Bien que moins spectaculaires, d’autres processus commandés par la pesanteur ne sont pas moins efficaces : la solifluxion, par exemple, particulièrement active dans les régions froides lors de la fonte des neiges, est un lent glissement en masse des matériaux ; elle se signale sur les pentes par la présence de bossellements et de bourrelets irréguliers. Plus imperceptibles encore, les processus regroupés sous le terme de reptation assurent une très lente descente des débris, dont témoigne par exemple le basculement de jeunes arbres faiblement enracinés : tassements des particules, impact des gouttes de pluie faisant rejaillir la terre, travail des animaux fouisseurs...

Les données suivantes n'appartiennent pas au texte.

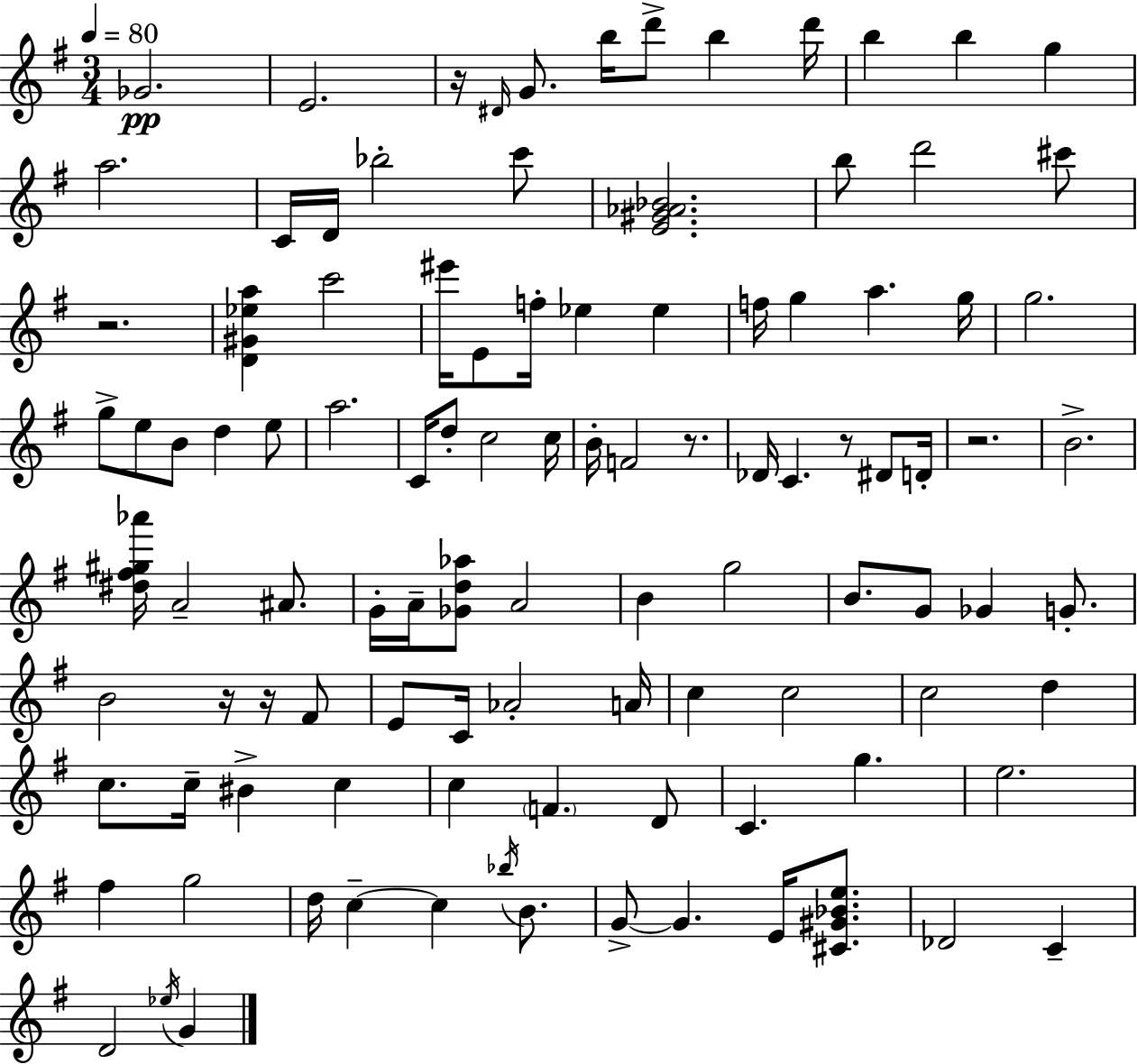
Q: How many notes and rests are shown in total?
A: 105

• Les eaux courantes, indépendamment des substances qu’elles transportent en solution (loin d’être négligeables dans les régions à forte altération chimique), peuvent prendre en charge les débris grâce à la force d’entraînement que leur confèrent les tourbillons qui les animent. Mais leur puissance est fort inégale suivant que l’écoulement est concentré ou non. Le ruissellement, qu’il soit diffus ou en minces films pelliculaires, voire en nappes de plusieurs centimètres, n’a qu’une compétence très limitée : agent d’ablation sélectif, il ne peut déplacer que des particules fines en suspension et rouler des grains de sable, parfois de petits galets. Il est néanmoins très efficace là où des averses très concentrées s’abattent sur un sol mal protégé par une végétation clairsemée (régions arides).

Les écoulements concentrés exercent leur action sur un lit fluvial, vers lequel sont acheminés les débris évacués sur les versants. Les eaux, agitées de mouvements tourbillonnaires, soulèvent les éléments de petites dimensions : limons et sables fins, qui demeurent en suspension ; sables grossiers et petits galets, qui progressent par bonds répétés (saltation). Les débris trop lourds pour être arrachés du fond roulent par saccades sur le lit en fonction des fluctuations de la vitesse de l’eau.

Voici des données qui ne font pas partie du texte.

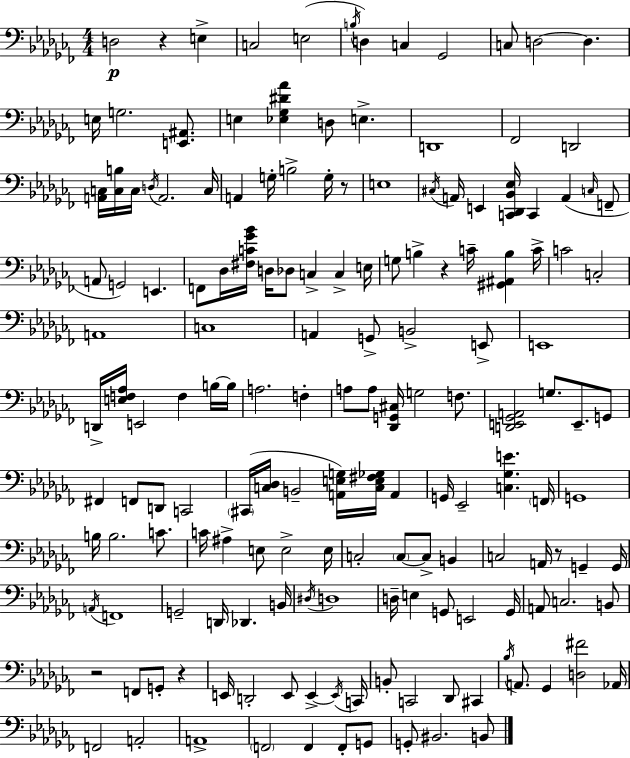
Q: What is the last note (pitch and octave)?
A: B2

Cependant, l’aptitude d’un cours d’eau à prendre en charge des alluvions n’est pas illimitée : en chaque point du lit, on peut déterminer sa compétence et sa capacité de transport. La première est définie par la taille du plus gros débris susceptible d’être déplacé ; la seconde est la masse totale de matières en transit par unité de largeur du lit. Des recherches expérimentales ont montré que la capacité de transport augmente avec le débit, la pente du lit et la profondeur d’eau ; elle est, en revanche, inversement proportionnelle à la taille des alluvions. Elle est donc fort variable d’un point à un autre d’une même rivière et d’un cours d’eau à un autre. De plus, elle varie saisonnièrement avec le régime hydrologique et connaît de brusques paroxysmes lors des crues. Ces dernières peuvent provoquer de véritables coups de bélier qui arrachent de gros paquets d’alluvions et les déplacent en vrac sur plusieurs centaines de mètres. Au total, le transport des alluvions apparaît éminemment discontinu, à la fois dans le temps et dans l’espace : à tout instant, la rivière, abandonnant et reprenant des débris, procède à des substitutions de charge.

• Le vent, animé également de mouvements tourbillonnaires, peut prendre en charge des débris, à la condition que la végétation soit peu dense : c’est le phénomène de déflation. Comme dans les eaux courantes, les particules sont entraînées, suivant leur calibre, soit en suspension, soit par saltation ou encore par roulement. Mais la compétence du vent est très limitée : variant avec sa vitesse, elle ne dépasse guère, pour les vents les plus violents, des débris d’un diamètre supérieur à 1 cm. Le vent est donc un agent d’évacuation très sélectif.

• Les glaciers, au contraire, entraînent des débris de toutes dimensions, allant d’une véritable « farine » jusqu’à des blocs gigantesques. Agissant comme des bulldozers, ils poussent en vrac au-devant d’eux les débris qui encombrent leur lit ; sans limite de compétence, ils charrient les fragments de roche tombés à leur surface des versants qui les dominent. Quoique le fait soit discuté, il semble bien que les glaciers arrachent à leur lit des blocs que divers processus (la gélifraction en particulier) ont préalablement préparés, sans toutefois les avoir délogés : c’est le débitage glaciaire.